Items listed in a dataset:
|---|
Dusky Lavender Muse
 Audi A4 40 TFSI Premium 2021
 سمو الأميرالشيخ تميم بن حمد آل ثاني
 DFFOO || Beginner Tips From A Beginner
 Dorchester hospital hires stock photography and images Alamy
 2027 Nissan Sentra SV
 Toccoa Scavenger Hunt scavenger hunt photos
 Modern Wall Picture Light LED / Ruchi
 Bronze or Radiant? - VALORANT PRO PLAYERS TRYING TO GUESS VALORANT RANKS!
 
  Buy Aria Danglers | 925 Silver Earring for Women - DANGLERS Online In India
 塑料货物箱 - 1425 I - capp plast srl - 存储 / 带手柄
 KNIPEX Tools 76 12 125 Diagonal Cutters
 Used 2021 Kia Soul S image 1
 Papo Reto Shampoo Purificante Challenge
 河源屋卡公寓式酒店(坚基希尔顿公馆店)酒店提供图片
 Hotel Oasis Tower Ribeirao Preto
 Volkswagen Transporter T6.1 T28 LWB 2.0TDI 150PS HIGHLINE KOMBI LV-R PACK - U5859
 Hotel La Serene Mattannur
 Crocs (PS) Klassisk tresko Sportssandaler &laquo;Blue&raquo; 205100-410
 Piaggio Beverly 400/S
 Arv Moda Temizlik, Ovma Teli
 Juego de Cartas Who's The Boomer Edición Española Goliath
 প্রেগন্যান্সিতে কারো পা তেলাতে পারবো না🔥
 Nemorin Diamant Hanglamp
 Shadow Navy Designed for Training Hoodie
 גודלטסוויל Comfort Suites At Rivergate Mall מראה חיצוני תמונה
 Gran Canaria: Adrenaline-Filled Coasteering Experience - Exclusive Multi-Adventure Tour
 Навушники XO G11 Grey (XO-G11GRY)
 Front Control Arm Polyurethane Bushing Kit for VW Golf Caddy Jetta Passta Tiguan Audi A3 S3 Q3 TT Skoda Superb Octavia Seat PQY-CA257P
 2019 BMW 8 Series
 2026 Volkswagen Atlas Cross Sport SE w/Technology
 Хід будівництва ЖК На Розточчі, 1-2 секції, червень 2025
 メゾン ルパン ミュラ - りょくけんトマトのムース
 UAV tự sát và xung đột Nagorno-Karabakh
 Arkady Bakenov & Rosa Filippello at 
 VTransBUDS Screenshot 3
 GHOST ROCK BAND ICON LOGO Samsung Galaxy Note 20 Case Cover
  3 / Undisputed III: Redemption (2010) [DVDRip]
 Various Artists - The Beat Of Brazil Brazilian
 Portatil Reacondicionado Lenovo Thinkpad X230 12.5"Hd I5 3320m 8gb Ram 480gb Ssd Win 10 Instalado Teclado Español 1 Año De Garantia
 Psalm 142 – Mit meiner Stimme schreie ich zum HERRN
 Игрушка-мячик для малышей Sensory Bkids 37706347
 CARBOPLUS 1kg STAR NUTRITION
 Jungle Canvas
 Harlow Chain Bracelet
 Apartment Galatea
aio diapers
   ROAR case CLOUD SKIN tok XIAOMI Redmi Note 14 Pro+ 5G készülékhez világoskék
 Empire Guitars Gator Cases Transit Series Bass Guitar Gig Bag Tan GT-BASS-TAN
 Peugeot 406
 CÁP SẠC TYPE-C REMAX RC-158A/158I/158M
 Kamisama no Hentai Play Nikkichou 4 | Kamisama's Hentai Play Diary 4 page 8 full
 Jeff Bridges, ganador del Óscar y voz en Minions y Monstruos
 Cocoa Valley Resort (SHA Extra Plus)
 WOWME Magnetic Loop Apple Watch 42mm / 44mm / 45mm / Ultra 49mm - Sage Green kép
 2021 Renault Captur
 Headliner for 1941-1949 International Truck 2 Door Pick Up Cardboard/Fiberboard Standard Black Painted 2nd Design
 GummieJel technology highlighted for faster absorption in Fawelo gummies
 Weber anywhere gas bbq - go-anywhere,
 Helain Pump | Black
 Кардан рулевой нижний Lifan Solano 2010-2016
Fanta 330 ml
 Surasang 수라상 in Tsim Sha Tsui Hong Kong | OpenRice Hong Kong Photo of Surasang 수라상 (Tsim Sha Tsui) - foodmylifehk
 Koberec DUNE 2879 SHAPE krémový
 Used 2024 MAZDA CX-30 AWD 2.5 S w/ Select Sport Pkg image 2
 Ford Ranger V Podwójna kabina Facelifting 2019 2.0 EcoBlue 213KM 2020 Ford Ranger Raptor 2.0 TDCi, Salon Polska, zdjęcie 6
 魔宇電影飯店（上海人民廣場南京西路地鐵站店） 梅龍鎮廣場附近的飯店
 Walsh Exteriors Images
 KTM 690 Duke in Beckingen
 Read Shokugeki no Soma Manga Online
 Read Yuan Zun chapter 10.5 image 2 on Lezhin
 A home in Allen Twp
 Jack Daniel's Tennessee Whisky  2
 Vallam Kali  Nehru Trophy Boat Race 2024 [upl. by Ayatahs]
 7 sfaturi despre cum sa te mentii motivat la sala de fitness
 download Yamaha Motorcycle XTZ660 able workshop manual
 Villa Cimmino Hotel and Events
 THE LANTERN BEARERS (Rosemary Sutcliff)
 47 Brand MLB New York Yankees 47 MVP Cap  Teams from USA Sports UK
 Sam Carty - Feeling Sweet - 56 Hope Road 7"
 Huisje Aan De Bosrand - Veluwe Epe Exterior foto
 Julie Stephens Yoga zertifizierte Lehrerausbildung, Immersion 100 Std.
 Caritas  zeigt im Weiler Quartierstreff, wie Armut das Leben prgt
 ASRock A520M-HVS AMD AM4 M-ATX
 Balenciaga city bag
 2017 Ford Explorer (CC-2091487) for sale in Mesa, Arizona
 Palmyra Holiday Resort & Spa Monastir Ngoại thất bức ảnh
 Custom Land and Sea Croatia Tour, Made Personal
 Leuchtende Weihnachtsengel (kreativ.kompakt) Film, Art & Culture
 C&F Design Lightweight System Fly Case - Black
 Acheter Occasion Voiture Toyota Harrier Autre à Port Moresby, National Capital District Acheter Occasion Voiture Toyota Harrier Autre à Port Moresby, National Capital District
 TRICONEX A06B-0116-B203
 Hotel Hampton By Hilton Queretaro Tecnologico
|---|
◆ Exercise ◆
Please give back the records exactly as written, beginning at the first line and including the line that holds "Nemorin Diamant Hanglamp" as the last.

◆ Exercise result ◆
Dusky Lavender Muse
 Audi A4 40 TFSI Premium 2021
 سمو الأميرالشيخ تميم بن حمد آل ثاني
 DFFOO || Beginner Tips From A Beginner
 Dorchester hospital hires stock photography and images Alamy
 2027 Nissan Sentra SV
 Toccoa Scavenger Hunt scavenger hunt photos
 Modern Wall Picture Light LED / Ruchi
 Bronze or Radiant? - VALORANT PRO PLAYERS TRYING TO GUESS VALORANT RANKS!
 
  Buy Aria Danglers | 925 Silver Earring for Women - DANGLERS Online In India
 塑料货物箱 - 1425 I - capp plast srl - 存储 / 带手柄
 KNIPEX Tools 76 12 125 Diagonal Cutters
 Used 2021 Kia Soul S image 1
 Papo Reto Shampoo Purificante Challenge
 河源屋卡公寓式酒店(坚基希尔顿公馆店)酒店提供图片
 Hotel Oasis Tower Ribeirao Preto
 Volkswagen Transporter T6.1 T28 LWB 2.0TDI 150PS HIGHLINE KOMBI LV-R PACK - U5859
 Hotel La Serene Mattannur
 Crocs (PS) Klassisk tresko Sportssandaler &laquo;Blue&raquo; 205100-410
 Piaggio Beverly 400/S
 Arv Moda Temizlik, Ovma Teli
 Juego de Cartas Who's The Boomer Edición Española Goliath
 প্রেগন্যান্সিতে কারো পা তেলাতে পারবো না🔥
 Nemorin Diamant Hanglamp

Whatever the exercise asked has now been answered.